Dadgari and I launched our annual events with a low budget and even lower expectations. Since our first shows at my house with a group of murder mystery virgins in 2023, we’ve gone on to bigger and better venues. Our most recent event, “The Hot Die: Last Call for Conrad Aiken,” christened The Hot Eye at Municipal Grand as its first event. We had 22 eagerly committed partygoers cosplaying everyone from Juliette Gordon Lowe to O.J. Simpson.
Murder mysteries are dopamine-doubling, combustible, and freeing — a license to be the person you’ve always wanted to be, explains my murder mystery MVP actor, Wray Burgess. In our productions, Burgess has played Adam Sandler, Sigmund Freud, an Eastern European gigolette with an unplaceable accent, and my late Uncle Mike.

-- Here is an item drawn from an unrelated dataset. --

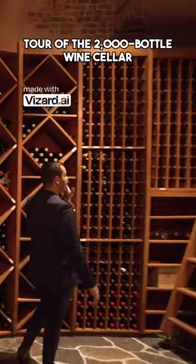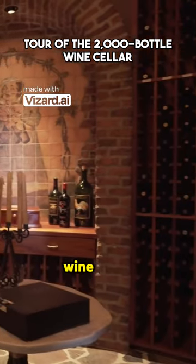It continues and you have storage all the way here. Obviously this is a temperature controlled wine cellar.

While my annual mysteries are different from the Two Penny Tales and Front Porch offerings, we all have a larger, often unspoken aim for our shows: curating a chaotic yet safe space for people to explore the often-unspeakable edges of understanding. Because beyond the laughs and fake body counts, we can also suspend our disbelief to make meaning of difficult subjects. In 2024, for example, Dadgari and I centered our murder mystery around my uncle, who died of an overdose earlier that year.

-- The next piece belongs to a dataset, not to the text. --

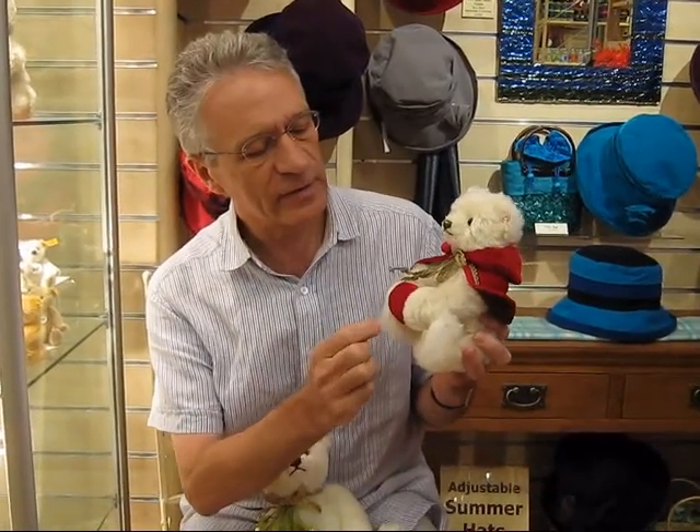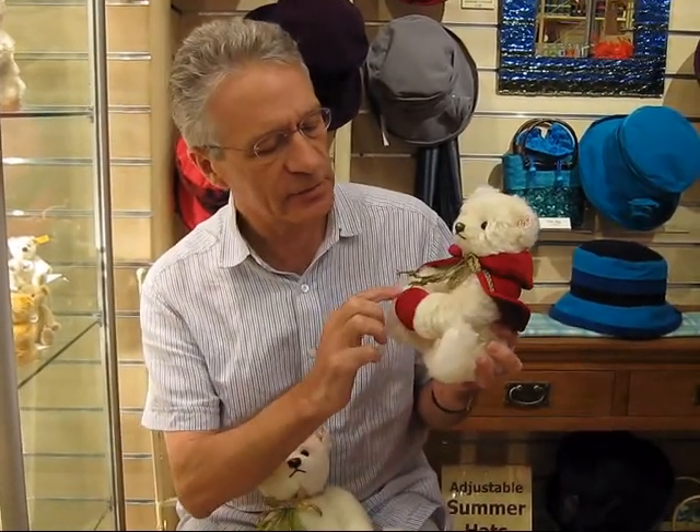Here we have the Steiff Christmas Bear for 2011. Lovely red velvet muff with a fur trim here and the velvet coat. Beautiful mohair. Christmas-tree green nose with a gold highlight on it. And she comes in a limited edition of 2,011 pieces.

Goeken attended as the ghost of singer/songwriter Warren Zevon and said that exploring the role helped him alchemize some of his own grief. Zevon lost his life to cancer, which Goeken’s mother also succumbed to that year after a long fight. Goeken and I (and my brother, who attended to play my father) worked through our grief together under the guise of murder mystery mayhem. There was laughter, tears, chanting, and an ungodly long after-party.
“I never want the night to end,” says Burgess. “If I were on a desert island with only one drug, it would be the murder mysteries.”
Join the Killing Spree
This year, Savannah has even more “murder” to enjoy. Two Penny Tales is expanding with residencies like “Murder at The Sexton,” a fake true-crime show held at The Sexton Pub and Provisions in the Starland District. It’s also working with partners and restaurants throughout the city. Even as venues change, the crux of murder mystery remains: freedom to engage with feelings, thoughts, and circumstances you normally never would.
“We’re all about the laughs, but telling a larger story is the end goal,” says Goeken. “We’re creating a space for all of us to make sense of and contribute to telling the story of a changing Savannah.”